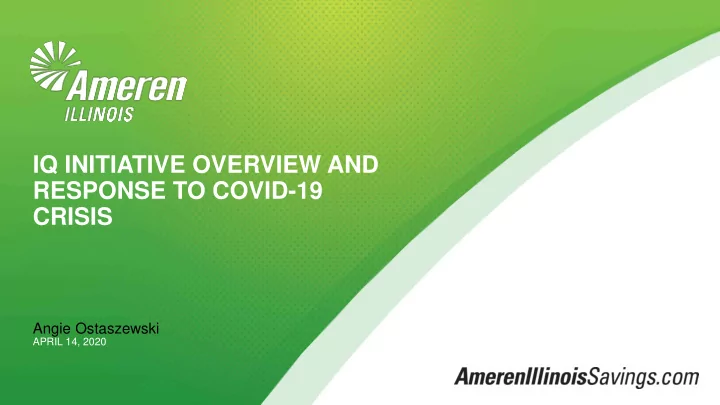 iq initiative overview and response to covid 19 crisis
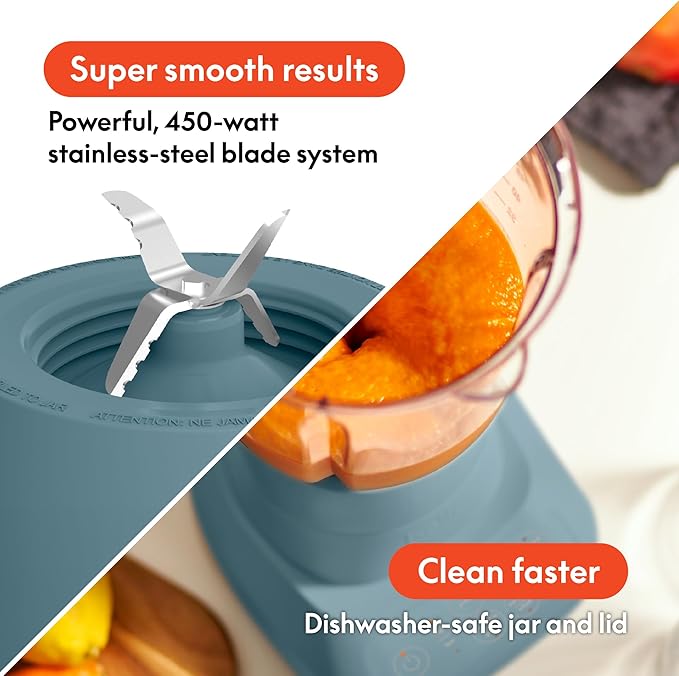 bella 10 Speed Countertop Blender, Juicer & Smoothie Maker, Fits-anywhere™ Kitchenware, Slim Flip & Store Design, Dishwasher Safe 48oz Capacity Pitcher & Lid, Stainless Steel Blade, 450 Watt, Surf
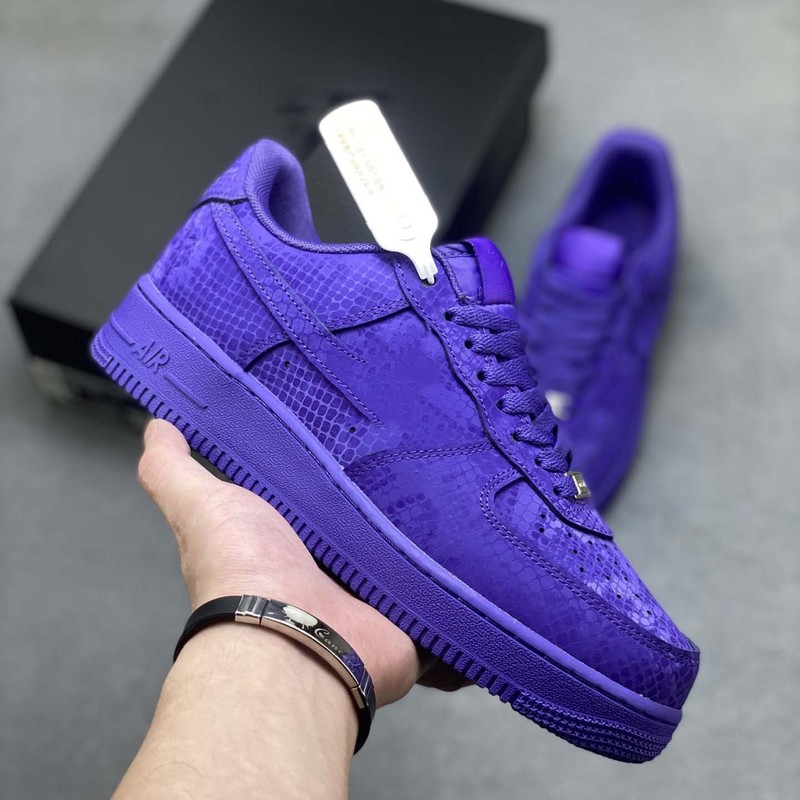 Putian Air Force Kobe Bryant Sneakers Af1 Purple Mamba Snake Pattern Fashionable Shoes for Men and Women Thick-Soled Heightening Sports Sneakers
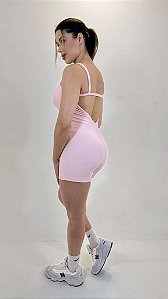 Macaquinho Fitness Costas Abertas Linha Paris – Crystal Rose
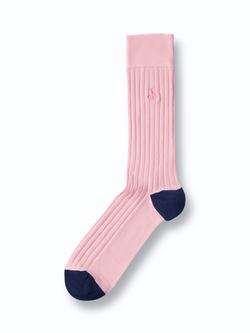 Charles Tyrwhitt Ribbed Cotton Blend Socks, Light Pink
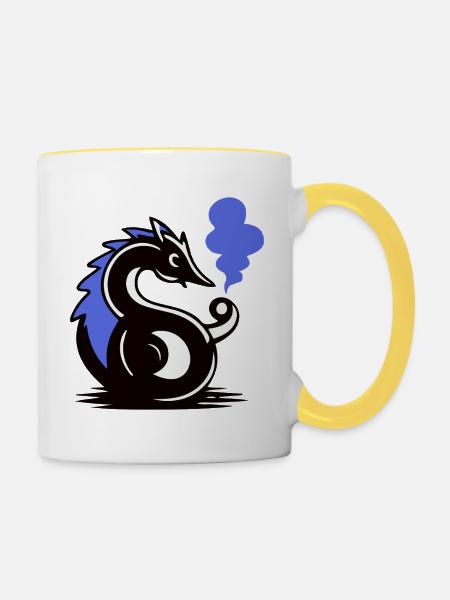 Blauer Glut-Seepferdchen - Tasse zweifarbig - Weiß/Gelb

━━━━

## Problem requirements
Your answer should be an exact copy of the entries above, with no images included.

## Task output
 iq initiative overview and response to covid 19 crisis
 bella 10 Speed Countertop Blender, Juicer & Smoothie Maker, Fits-anywhere™ Kitchenware, Slim Flip & Store Design, Dishwasher Safe 48oz Capacity Pitcher & Lid, Stainless Steel Blade, 450 Watt, Surf
 Putian Air Force Kobe Bryant Sneakers Af1 Purple Mamba Snake Pattern Fashionable Shoes for Men and Women Thick-Soled Heightening Sports Sneakers
 Macaquinho Fitness Costas Abertas Linha Paris – Crystal Rose
 Charles Tyrwhitt Ribbed Cotton Blend Socks, Light Pink
 Blauer Glut-Seepferdchen - Tasse zweifarbig - Weiß/Gelb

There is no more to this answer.